These attributes make cloud a natural fit for frontends. Before we explore the various flavors of how to split frontends from backends, let’s explore how this architecture is a natural by-product of an architecture for omnichannel.

Hybrid Cloud as a By-product of Architecture for Omnichannel

Traditionally, ecommerce applications have been written and deployed in a single package containing the following:

§ HTML/CSS/JavaScript

§ Server-side scripting code like JSP and ASP

§ Server-side code like Java or C#

This package was typically deployed to an application server as a single archive, like a WAR or EAR file. To get to the compiled server-side code, you had to first go through your server-side scripting code. Developers worked on both frontend and backend code. When the Web was the only channel, this worked just fine (see Figure 11-2).

Code packaging for one channel

Figure 11-2. Code packaging for one channel

Then multichannel came of age in the mid-2000s as mobile began to take off. No substantial architecture changes were made to support mobile and the new channels that followed it. Additional channels were built alongside the existing stack supporting the web browser–based HTML user interface, with integration gluing everything together. Each channel operated in a silo, unaware of what was going on in another channel unless there was full bidirectional integration between each channel, as shown in Figure 11-3.

What multichannel ecommerce evolved into

Figure 11-3. What multichannel ecommerce evolved into

Even with full bidirectional integration, the customer experience was still poor because integrating heterogeneous systems is inherently error prone and updates are always asynchronous. As we’ve discussed in previous chapters, the solution to this problem is to build a single omnichannelplatform whereby core functionality (place order, add to cart, register new account) is exposed as a service, with any user interface able to consume those services (see Figure 11-4).

Omnichannel-friendly architecture

Figure 11-4. Omnichannel-friendly architecture

This architecture entirely eliminates the need to perform any integration, because the various channel-specific user interfaces now serve as conduits to the same backend platform.


Both omnichannel retailing and hybrid clouds require the frontend to be split from the backend. The split is a natural outcome of an omnichannel-based architecture.

Once you break the frontend from the backend, you can deploy each tier separately, with all interaction taking place through a clearly defined API, as depicted in Figure 11-5.

Frontend in a cloud, backend in a traditional data center

Figure 11-5. Frontend in a cloud, backend in a traditional data center

This API can be reused across any channels and frontends, with all clients transacting against the same backend. Customers love the seamless interaction across channels for the following reasons:

§ Pricing, promotions, inventory, product assortment, and all other data is the same across all channels.

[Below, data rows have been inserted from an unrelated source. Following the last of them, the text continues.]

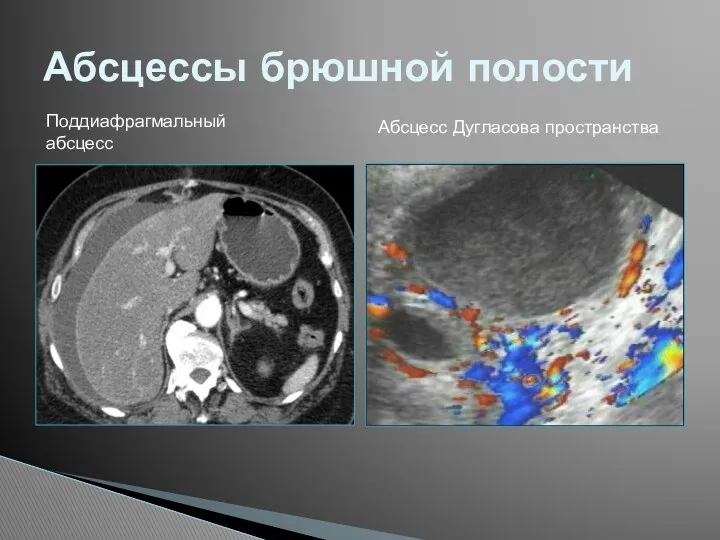 Абсцессы брюшной полости Поддиафрагмальный абсцесс Абсцесс Дугласова пространства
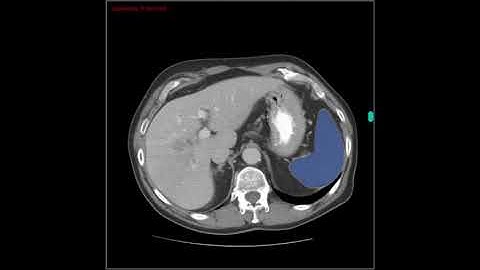 2.5D Spleen segmentation with AI
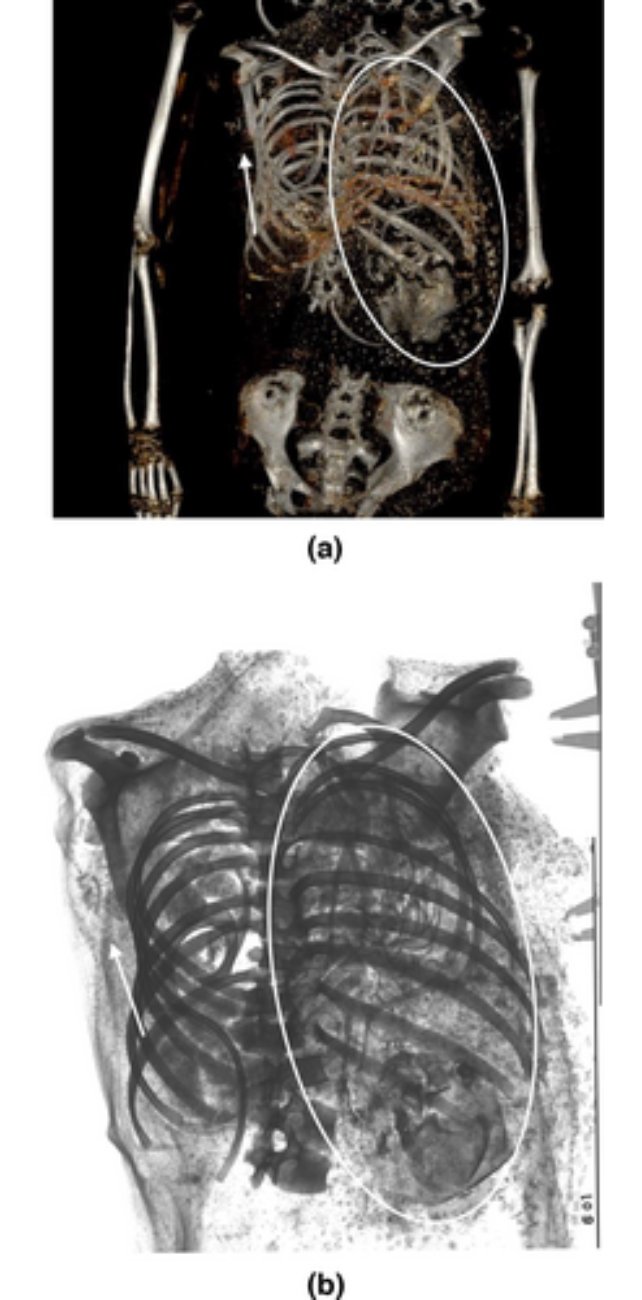 Фото: International Journal of Osteoarchaeology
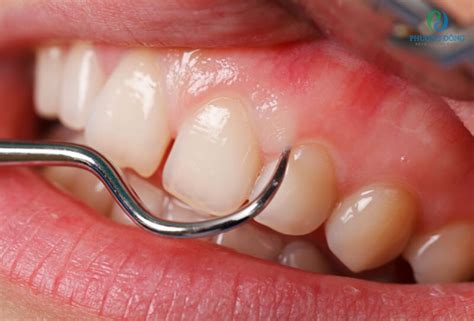 tong quan ve viem nuou rang va cach dieu tri nhanh chong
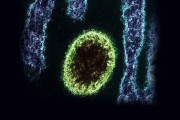 中国で35人が新種のウイルスに感染！もういい加減にしてくれ！！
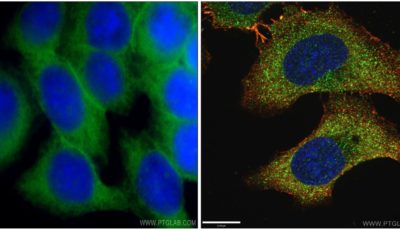 How to choose the right microscope setup for your experiment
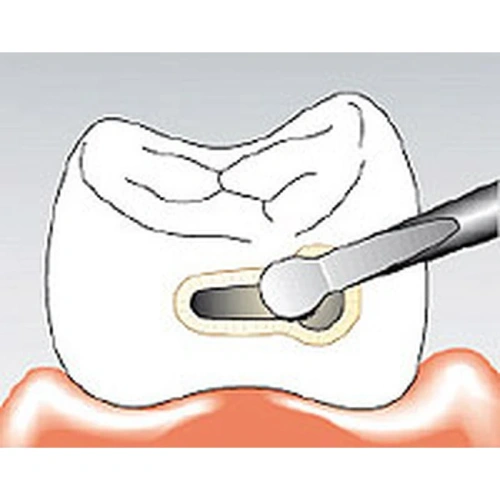 Sonicflex micro №33 - насадка для минимально инвазивной терапии кариеса с алмазным покрытием, большая полусфера, мезиальная | KaVo (Германия)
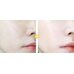 Graymelin Pineapple Mild Peeling Gel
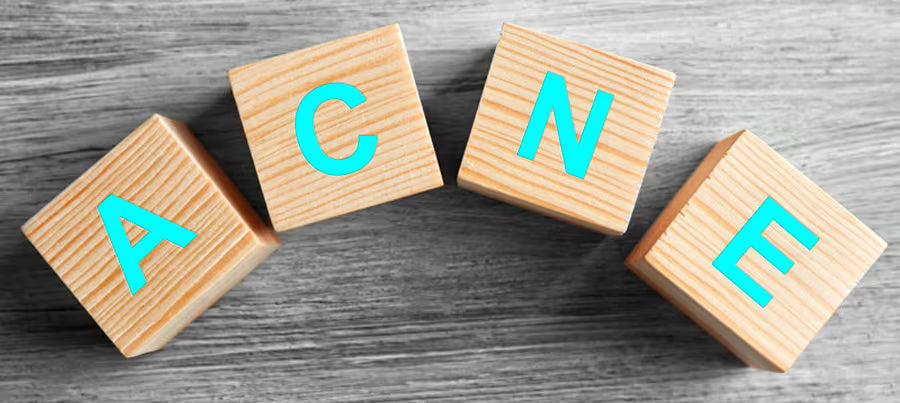 What is acne and how can I deal with it?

§ Customers don’t have to create profiles unique to each channel.

§ Customers can update the same shopping cart across multiple channels. For example, a customer can begin an order on a mobile device and finish it on a desktop at work.

§ Customers can have contact center agents or employees in a physical store help to complete an order started online.

Multichannel inherently leads to fragmentation, which upsets customers. Omnichannel, on the other hand, allows for seamless customer engagements across channels.

Before we can discuss the different approaches to a hybrid cloud and how it intersects with omnichannel retailing, we have to discuss how to best connect your backend to your frontend in a cloud.

Connecting to the Cloud

When your frontend is physically distant from your backend, you need to bridge them together with a connection. Every HTTP request to your frontend may result in between zero and potentially dozens of requests to your backend. Requests are typically HTTP, but they may even be calls to your database. The connection discussed in this chapter is a vitally important link between the two halves of your platform, so it must at least be highly available and offer enough bandwidth. Beyond that, the connection can optionally offer security and low latency.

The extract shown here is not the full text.